Data shown
———

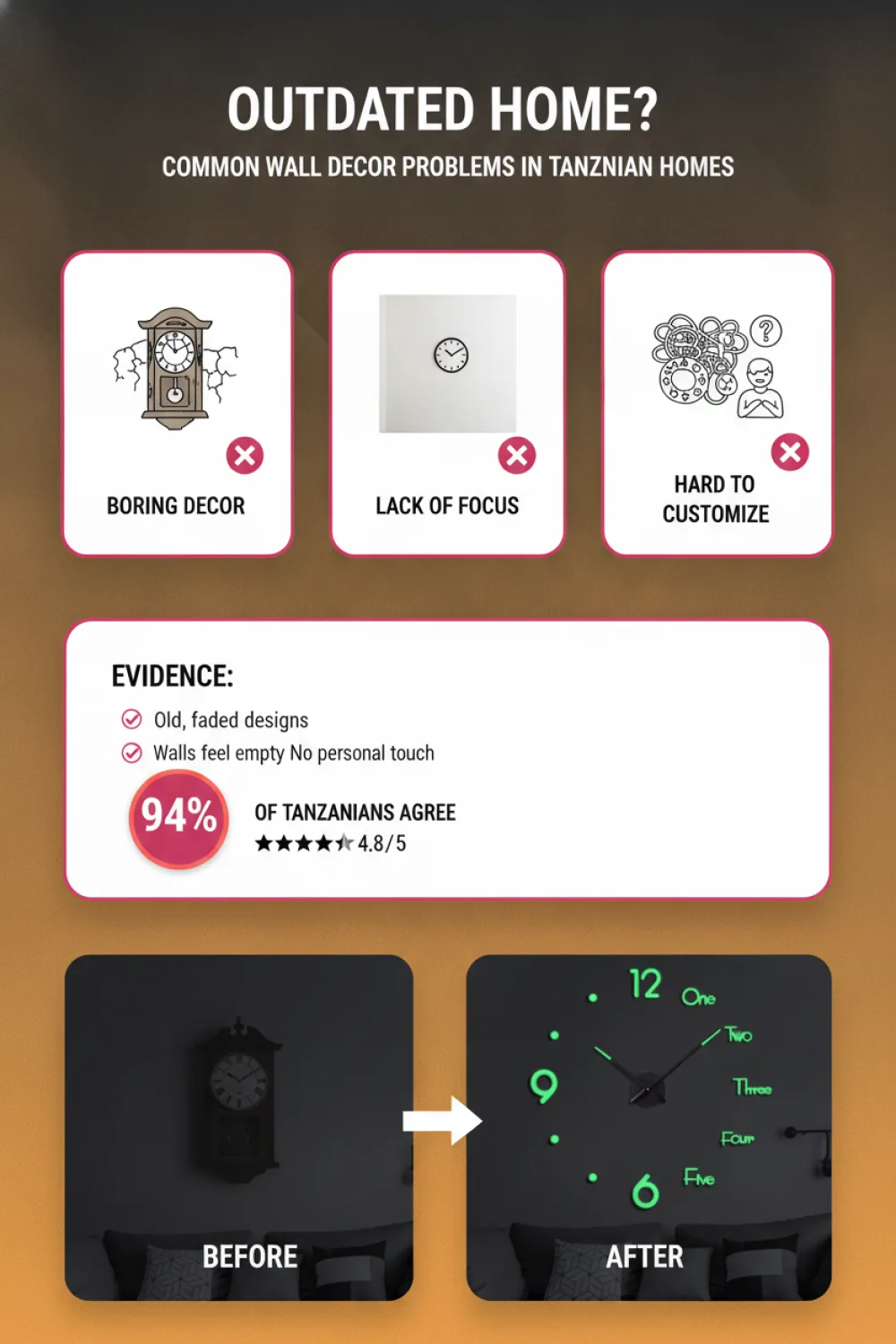 Problem + Evidence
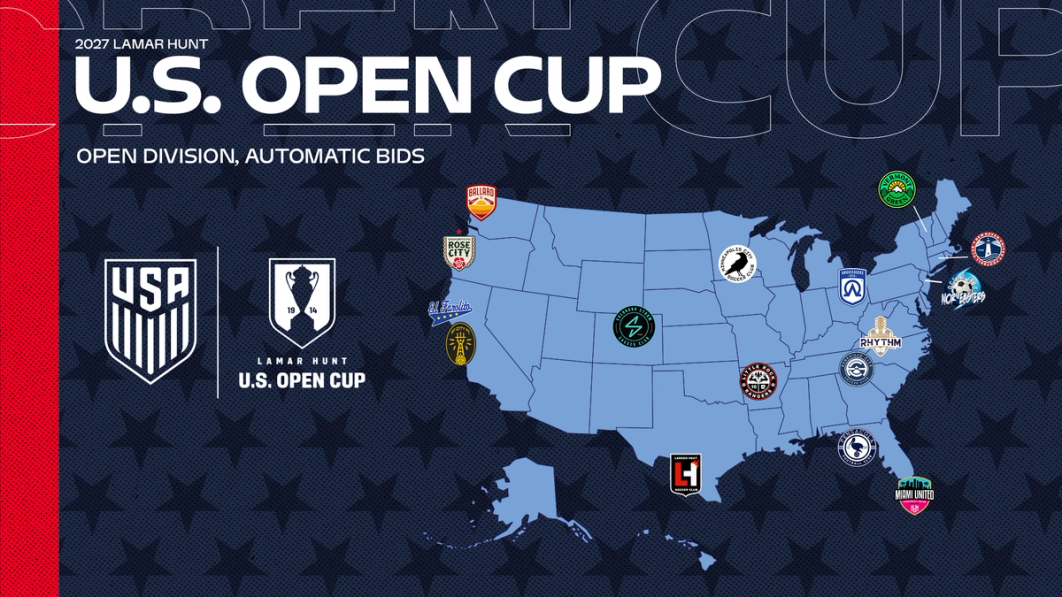 Meet the 16 Open Division Clubs That Automatically Qualified for the 2027 Lamar Hunt U.S. Open Cup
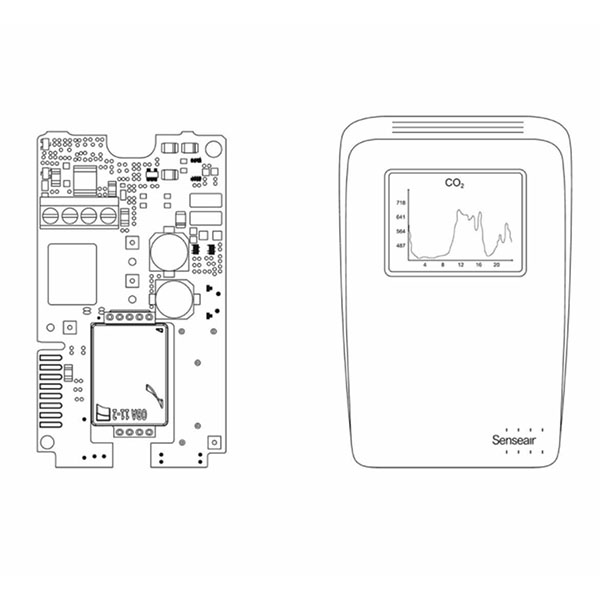 Gas Sensors Types and Mechanism Tutorials CO2 Sensors Products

———

Exercise
The result should be the full listing, retyped exactly and free of pictures.

Solution to this problem
 Problem + Evidence
 Meet the 16 Open Division Clubs That Automatically Qualified for the 2027 Lamar Hunt U.S. Open Cup
 Gas Sensors Types and Mechanism Tutorials CO2 Sensors Products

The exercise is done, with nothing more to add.